A crise sanitária e o fechamento das atividades econômicas no Brasil encaminha o país para uma grande recessão. Por isso, a receita do governo encontra-se extremamente reduzida e a necessidade de mais recursos é veemente. Será que a saída será aumentar os impostos e onerar ainda mais os pagadores em meio à crise?

Os efeitos da crise na população

O FMI estimou em 5,30% a queda do PIB para 2020. Também projetou o desemprego em 14,7% até o fim do ano. Porém, existem cenários mais pessimistas. O Boletim Focus, do Banco Central, estimou esse dado em 5,89% na última atualização, mas continua ampliando o valor a cada semana. Já banco americano JP Morgan projetou em -7% essa retração no PIB do Brasil.

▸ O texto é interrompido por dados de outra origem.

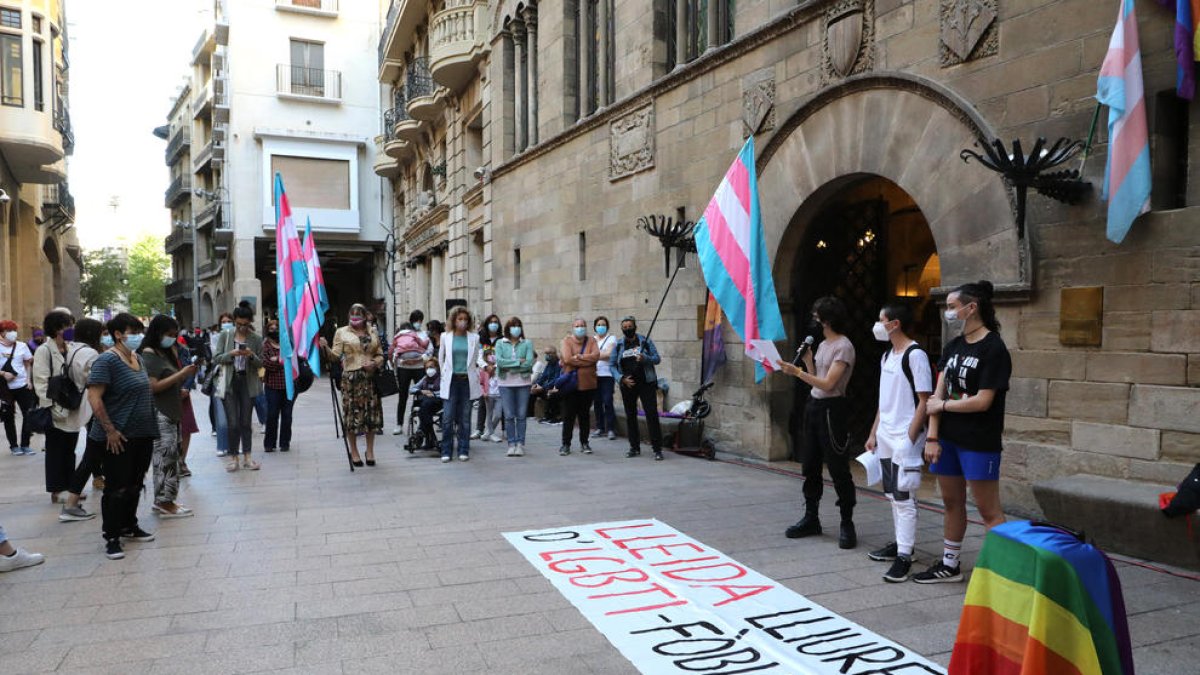Concentració contra la LGTBI-fòbia, el 17 de març passat a la plaça Paeria de Lleida.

Muitas empresas estão sofrendo os efeitos dessa crise e sendo obrigadas a demitir. Segundo dados do Cadastro Geral de Empregados e Desempregados (Caged), apenas entre março e abril, foram perdidas 1,1 milhão de vagas formais de emprego. 

Além disso, pesquisa da Atlas Político, feita entre os dias 24 e 26 de maio, aponta que somente 29,90% não sofreram alteração alguma em sua renda. A diminuição da renda mensal ocorreu em 54,90% dos casos e 15,20% disseram ter ficado desempregados.

Queda da receita tributária 

Conforme dados da Receita Federal de 21 de maio, a arrecadação federal caiu 28,95% em abril em comparação com o mesmo mês de 2019, o que representa uma diminuição de cerca de 35 bilhões. A série histórica desses dados iniciou em 2007 e desde então nunca houve resultado tão negativo para o mês.

Além disso, a receita dos estados também deverá cair. Levantamento do Tribunal de Contas do Espírito Santo mostrou projeções dos possíveis cenários para essa queda. O pior deles mostra uma diminuição em R$ 4 bilhões no faturamento do governo estadual. Nesse caso, a margem fiscal ficaria negativa em R$ 2,39 bilhões.

Para efeito de comparação, esse valor de arrecadação de tributos no ES foi de R$ 11,9 bilhões em 2019. Dessa forma, a queda em relação ao ano passado seria algo em torno de 33,6%.

Outro fator a ser considerado é que os gastos são indexados. Isto deveria resolver grande parte do problema. Afinal, se a receita é de 100 e tenho que gastar 25% com educação, meu gasto é 25. Caso a receita caia para 50, meu gasto com educação reduz para 12,5.

Mas na prática não é isso que acontece.

Grupos de pressão e a tentativa de aumentar impostos

Em síntese, a indexação do gasto com a receita somente funciona quando a receita aumenta. Caso a receita diminua, os gastos continuam altos e a margem fiscal é infringida. Desde 2014 há déficit fiscal nas contas públicas do governo federal. Consoante Secretaria do Tesouro Nacional, o déficit primário em 2019 foi de R$ 95,065 bilhões.

Em 2020, as projeções do Ministério da Economia apontam para um resultado deficitário de R$ 419,2 bilhões. Além disso, a Instituição Fiscal Independente (IFI) estimou que a Dívida Bruta do Governo Geral (DBGG) chegará a 100% do Produto Interno Bruto (PIB) em 10 anos.

Aqui entra a criação/aumento de impostos e a reforma tributária. Sem receita para pagar suas pesadas folhas salariais e, principalmente, em ano de eleições, a pressão sobre o Congresso Nacional para aumentar impostos vai ser grande. A desculpa é a de sempre: “tudo pelo social, educação e saúde.”

Projetos têm sido propostos e sofrido pressão nesse sentido. Um exemplo muito comum é o famigerado imposto sobre grandes fortunas. No momento, tramitam no Congresso 9 projetos com o objetivo de taxar fortunas, todos propostos neste ano.

Também está pautado aumentar a Contribuição Social sobre Lucro Líquido (CSLL), que incide sobre empresas. Uma das propostas considera elevar a alíquota de 20% para 50%. Mas há outras mais brandas, com alíquotas de 30% e 35%, por exemplo.

Essa situação ocorre mesmo o Brasil tendo sido o 15° país mais tributado do mundo no ano passado. A carga tributária brasileira segundo o Tesouro Nacional foi de 33,58% do PIB em 2018 e 33,17% do PIB em 2019.

Em síntese, pretendem aumentar ainda mais os impostos, apesar da recessão e do elevado número de falências e desemprego. E, claro, é o setor privado que será chamado para pagar mais essa conta.